Bullet Holes, written with composer Tyler Bates for the Keanu Reeves movie John Wick: Chapter 3 – Parabellum, finds Rossdale “on a highway walking across America”, navigating somewhat bizarrely “race wars, star wars, planet wars, mind wars” toeach his love. The song provides evidence of Rossdale’s weakness for a lazy cliché: “Sweat staining my blue suede shoes… trying to find ways to get to you”. The fact that it’s a hugely infectious tune and contains the best solo on the album, brief and bathed in wah, is disappointingly undermined by lyrics which border on inane.

Ghosts In The Machine, Send In The Clowns and Blood River, though, are winning evidence of a writer who, after nearly 30 years honing his craft, knows his way around an explosive chorus.

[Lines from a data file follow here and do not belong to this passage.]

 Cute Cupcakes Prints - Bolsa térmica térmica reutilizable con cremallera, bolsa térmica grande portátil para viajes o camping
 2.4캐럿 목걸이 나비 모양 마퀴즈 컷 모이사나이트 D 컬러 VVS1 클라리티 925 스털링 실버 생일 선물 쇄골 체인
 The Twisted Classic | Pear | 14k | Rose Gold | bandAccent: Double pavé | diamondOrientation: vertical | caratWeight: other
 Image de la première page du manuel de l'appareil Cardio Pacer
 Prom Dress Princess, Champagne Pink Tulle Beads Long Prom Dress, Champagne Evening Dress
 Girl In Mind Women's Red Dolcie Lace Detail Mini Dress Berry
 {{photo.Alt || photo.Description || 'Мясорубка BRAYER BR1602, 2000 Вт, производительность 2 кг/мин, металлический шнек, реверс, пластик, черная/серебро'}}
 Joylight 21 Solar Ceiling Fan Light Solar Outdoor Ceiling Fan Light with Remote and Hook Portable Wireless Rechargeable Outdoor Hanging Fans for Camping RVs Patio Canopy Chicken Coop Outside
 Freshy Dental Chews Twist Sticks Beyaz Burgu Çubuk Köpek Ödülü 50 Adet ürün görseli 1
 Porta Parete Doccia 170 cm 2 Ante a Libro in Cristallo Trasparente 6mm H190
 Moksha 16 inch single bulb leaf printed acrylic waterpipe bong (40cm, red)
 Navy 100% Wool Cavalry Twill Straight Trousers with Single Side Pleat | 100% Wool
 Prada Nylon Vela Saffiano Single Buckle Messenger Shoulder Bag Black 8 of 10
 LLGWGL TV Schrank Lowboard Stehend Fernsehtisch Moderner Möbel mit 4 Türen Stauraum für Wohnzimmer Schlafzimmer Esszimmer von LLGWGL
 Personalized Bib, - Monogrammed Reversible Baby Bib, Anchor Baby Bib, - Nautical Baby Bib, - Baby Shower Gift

“I feel like we’ve always had to work for what we have,” says Rossdale of that longevity. “We don’t take anything for granted. We’ve never had any kind of particular free ride. That’s a healthy thing.”

Gavin Rossdale, Bush
Image: Gary Miller / Getty Images

On We Are Quicksand, its insistent hook bathed in fuzz, Rossdale is again painfully honest about his romantic struggles. “It encompasses my present inability to find a lasting significant other,” he admits of the song. You almost want to give him a hug, while wincing slightly at the naked candour on display as he opines: “I can’t seem to keep my mind off you, can’t seem to settle down/ can’t seem to stop this movie, can’t seem to find your town”.

The band stretch out on the album’s longest song, Undone, an emotive arena ballad with a nagging palm-muted rhythm, sparkling clean notes and snatches of reverse guitars, our lovelorn narrator “Undone in a thousand places, undone from you”.